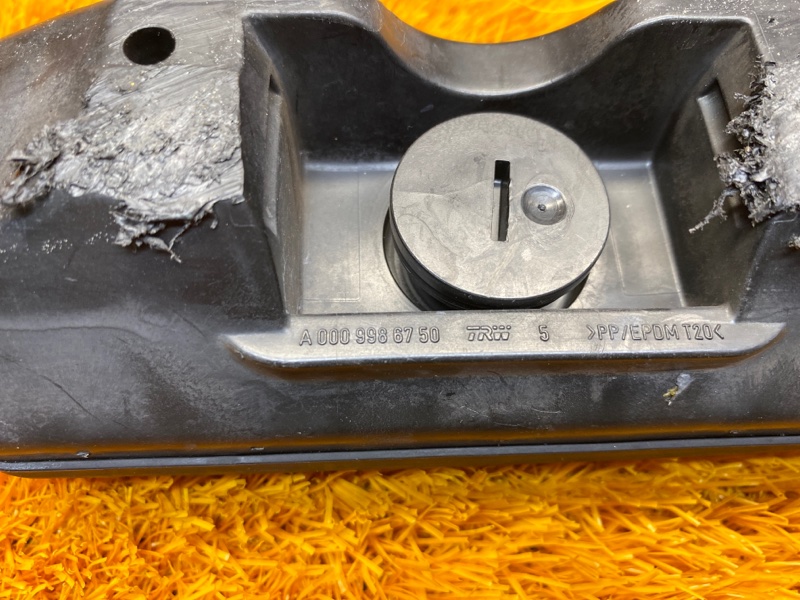 поддомкратник, 800 рублей, Красноярск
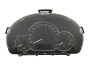 Velocímetro/Instrumentos Y Relojes Peugeot 1007 9658241780 52931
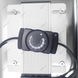 Чафіндиш BRILLIS RA2101B RA2101B фото 2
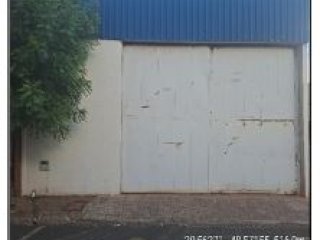 Imagem do imóvel GA79541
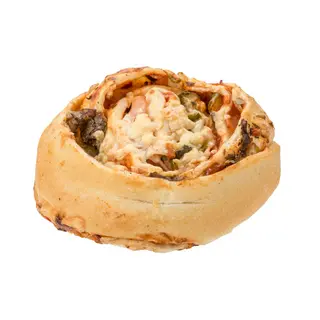 Szneka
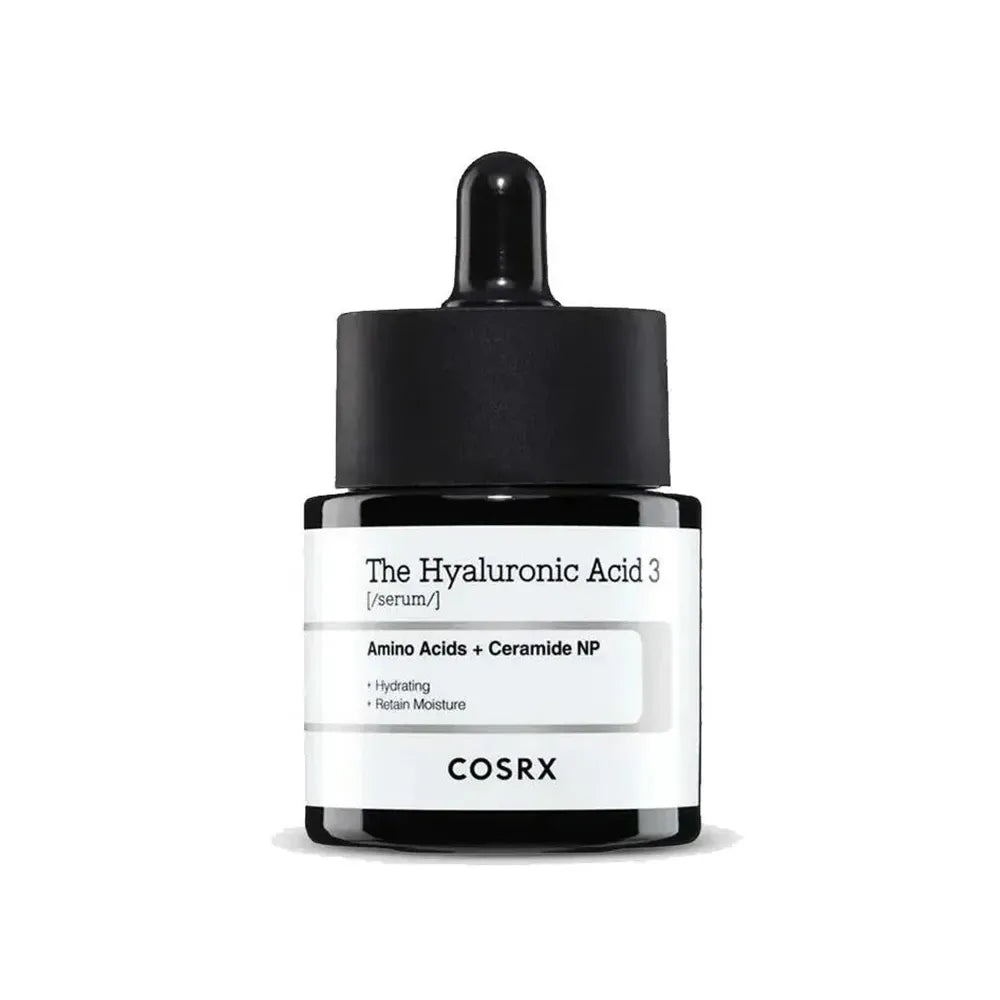 COSRX Hyaluronic Acid Serum 20ml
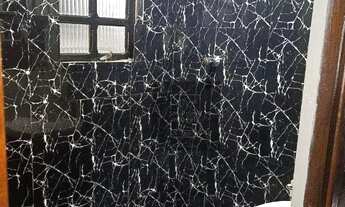 Imagem 7: Casa com 2 dormitórios para alugar, 60 m² por R$ 1.600,00/mês - Vila Maria Baixa - São Pau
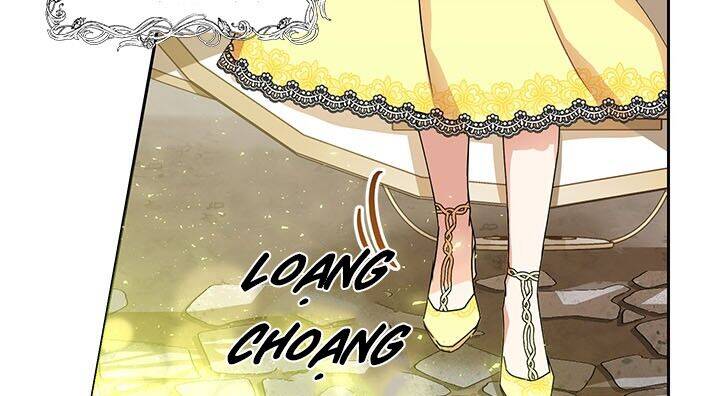 Cuộc Sống Vui Vẻ Của Ác Nữ Chap 8 - Next Chap 7.5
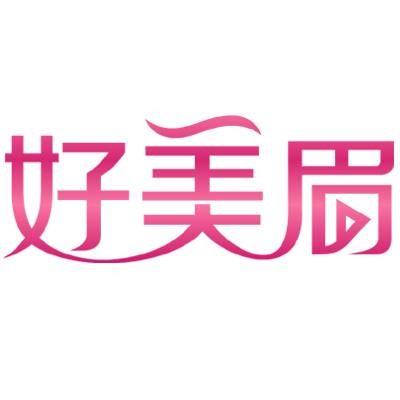 好美眉网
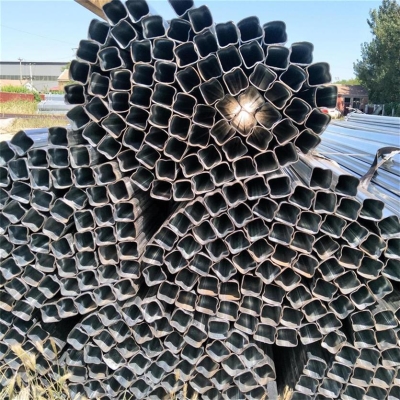 赤峰全鋁家具廠電話地址查詢-第1張圖片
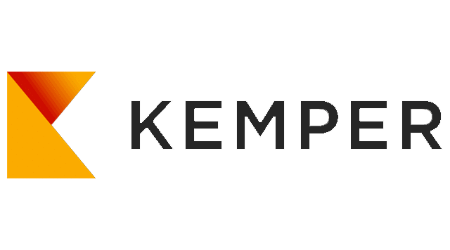 Kemper insurance claims accepted at L-M Body Shop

::::::::

> [WORK INSTRUCTION]
Only the pictures stay behind; everything else in the data above is to be retyped exactly.

> [SOLUTION FOR THIS EXERCISE]
 поддомкратник, 800 рублей, Красноярск
 Velocímetro/Instrumentos Y Relojes Peugeot 1007 9658241780 52931
 Чафіндиш BRILLIS RA2101B RA2101B фото 2
 Imagem do imóvel GA79541
 Szneka
 COSRX Hyaluronic Acid Serum 20ml
 Imagem 7: Casa com 2 dormitórios para alugar, 60 m² por R$ 1.600,00/mês - Vila Maria Baixa - São Pau
 Cuộc Sống Vui Vẻ Của Ác Nữ Chap 8 - Next Chap 7.5
 好美眉网
 赤峰全鋁家具廠電話地址查詢-第1張圖片
 Kemper insurance claims accepted at L-M Body Shop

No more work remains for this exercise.